# Brakes warning and car not starting



## Boyz_Toyz (Dec 25, 2016)

I have just tried to switch my car on and the it does not start. The key turns in the ignition but the brake warning light is flashing on the centre dash and although ignition works, it is not starting or even attempting to start. This has come out the blue, can anybody advise?









Sent from my Pixel 2 using Tapatalk


----------



## Hoggy (May 8, 2002)

Hi, Do the dash lights dim when attempting a start. Lots of alarms so low volts caused by flat battery perhaps.
Check battery volts & if battery connection clean & secure.
Hoggy.


----------



## Shug750S (Feb 6, 2012)

Looks like low oil level light as well..

As Hoggy says either dodgy battery / connection, or car not feeling loved and doesn't want to play


----------



## Boyz_Toyz (Dec 25, 2016)

No difference in lights when attempting to start. When I put the keys in it beeps very loudly while flashing the brakes light.
If brakes are the issue why would the car not start?

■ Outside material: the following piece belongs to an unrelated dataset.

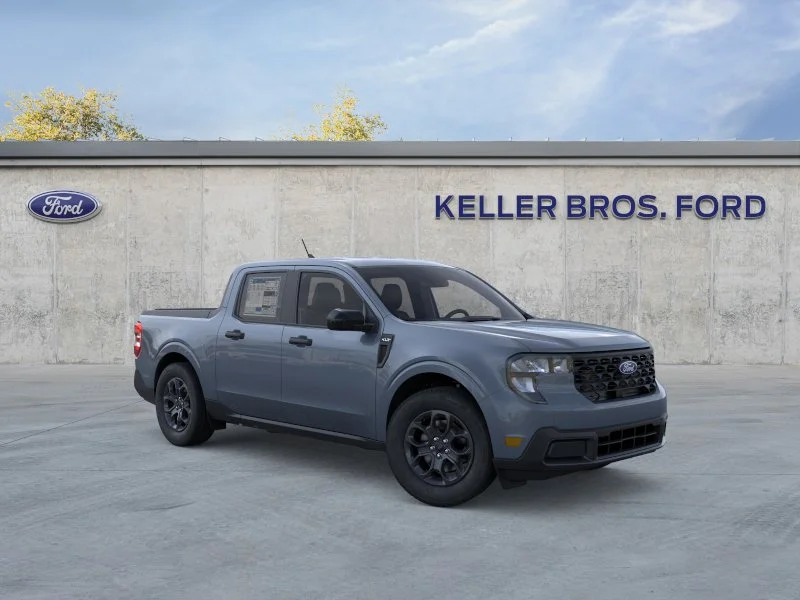 2026 Ford Maverick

Sent from my Pixel 2 using Tapatalk


----------



## MT-V6 (Jan 11, 2015)

+1 for low battery. Happened to me one and all hell breaks loose with the warning lights. Either charge the battery of jump start it and go for a decent drive (don't jump the battery, use the jump points under the bonnet)


----------



## Boyz_Toyz (Dec 25, 2016)

Ok will call AA and see what they say, hope it battery, I can't jump start because it parked on my drive next to a skip so cannot get a car close to it

Sent from my Pixel 2 using Tapatalk


----------



## CurryMan (Nov 20, 2016)

MT-V6 said:


> +1 for low battery. Happened to me one and all hell breaks loose with the warning lights. Either charge the battery of jump start it and go for a decent drive (don't jump the battery, use the jump points under the bonnet)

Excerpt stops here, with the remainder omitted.